DATA EXTRACTS Start Marker

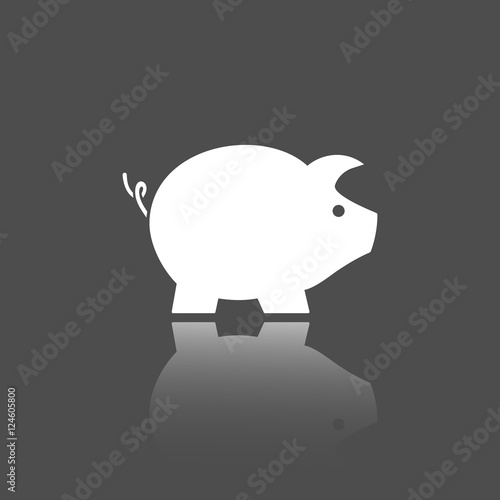 Icono de cerdo con reflejo sobre un fondo oscuro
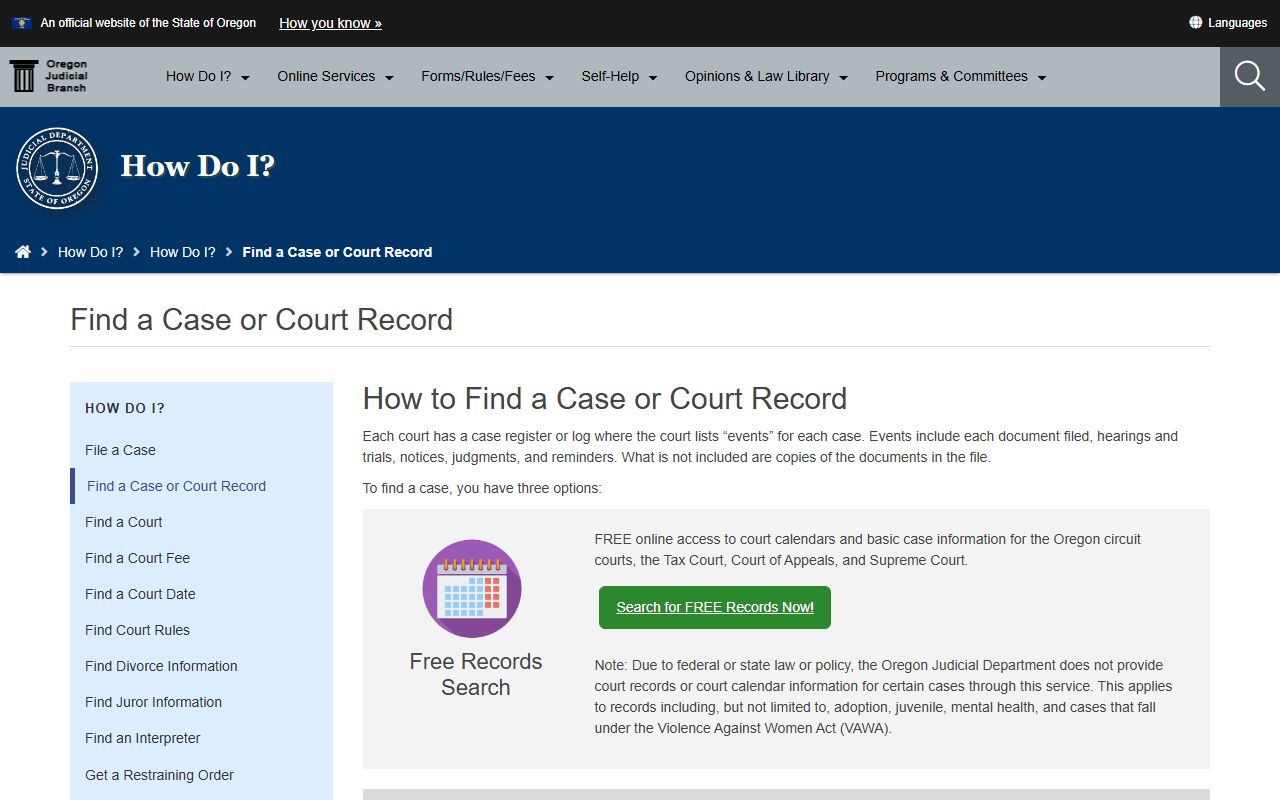 Morrow County court records after arrest Oregon case lookup options
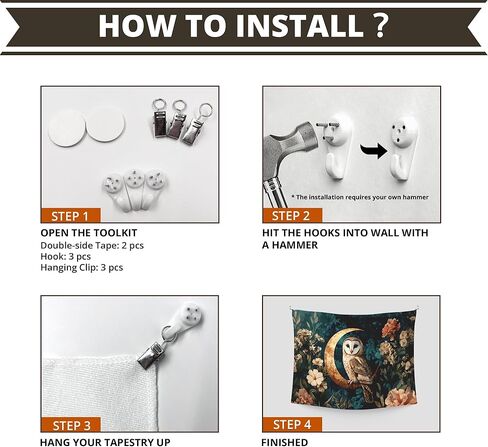 WAITPI Vintage Owl Moon Floral Tapestry Wall Hanging for Bedroom, Moody Dark Academia Cottagecore Botanical Flower Owl Wall Hanging Decor Tapestry for Home Living Room Office, 40x30in in Kuwait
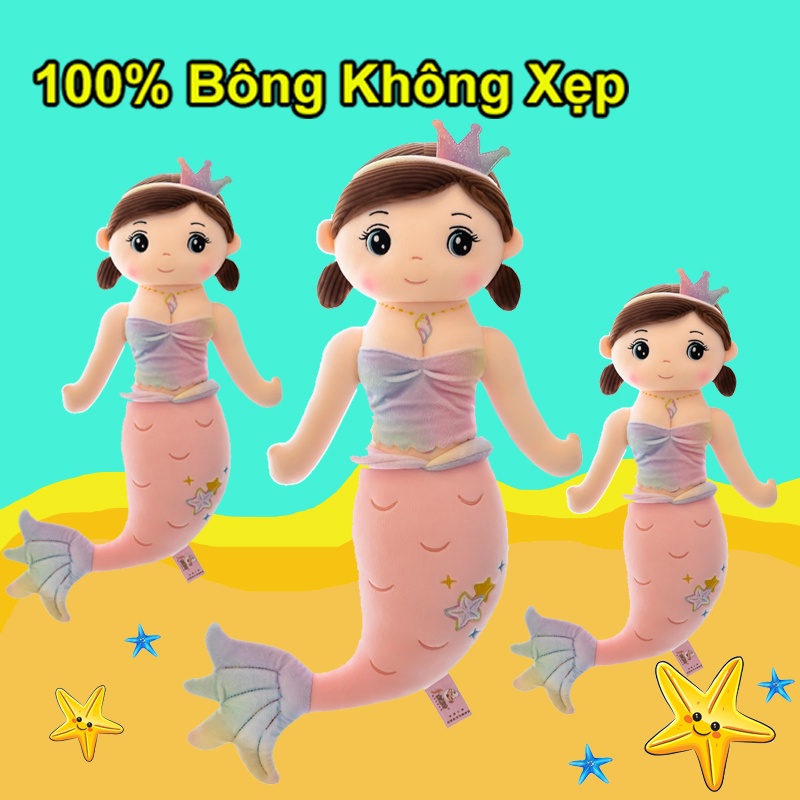 Gấu Bông Nàng Tiên Cá Cho Bé Gái Màu Hồng Dễ Thương Thêu Hình Sao_Unishop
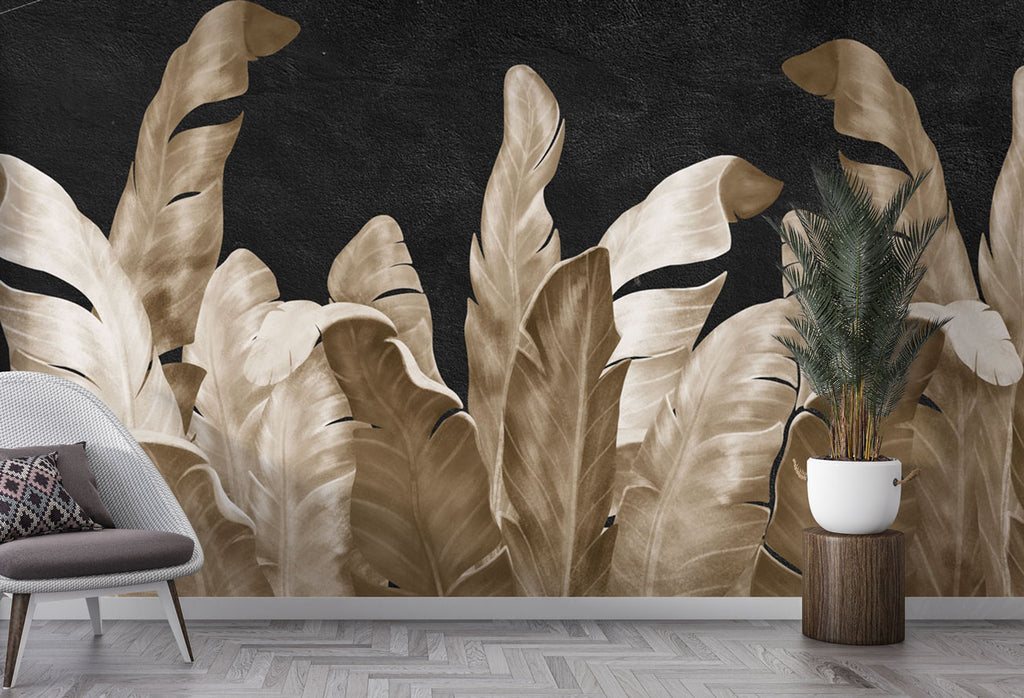 Gold Banana Leaf Wallpaper : Black Luxury Tropical Mural - View 3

DATA EXTRACTS End Marker

Copy the records exactly. Skip the images.

 Icono de cerdo con reflejo sobre un fondo oscuro
 Morrow County court records after arrest Oregon case lookup options
 WAITPI Vintage Owl Moon Floral Tapestry Wall Hanging for Bedroom, Moody Dark Academia Cottagecore Botanical Flower Owl Wall Hanging Decor Tapestry for Home Living Room Office, 40x30in in Kuwait
 Gấu Bông Nàng Tiên Cá Cho Bé Gái Màu Hồng Dễ Thương Thêu Hình Sao_Unishop
 Gold Banana Leaf Wallpaper : Black Luxury Tropical Mural - View 3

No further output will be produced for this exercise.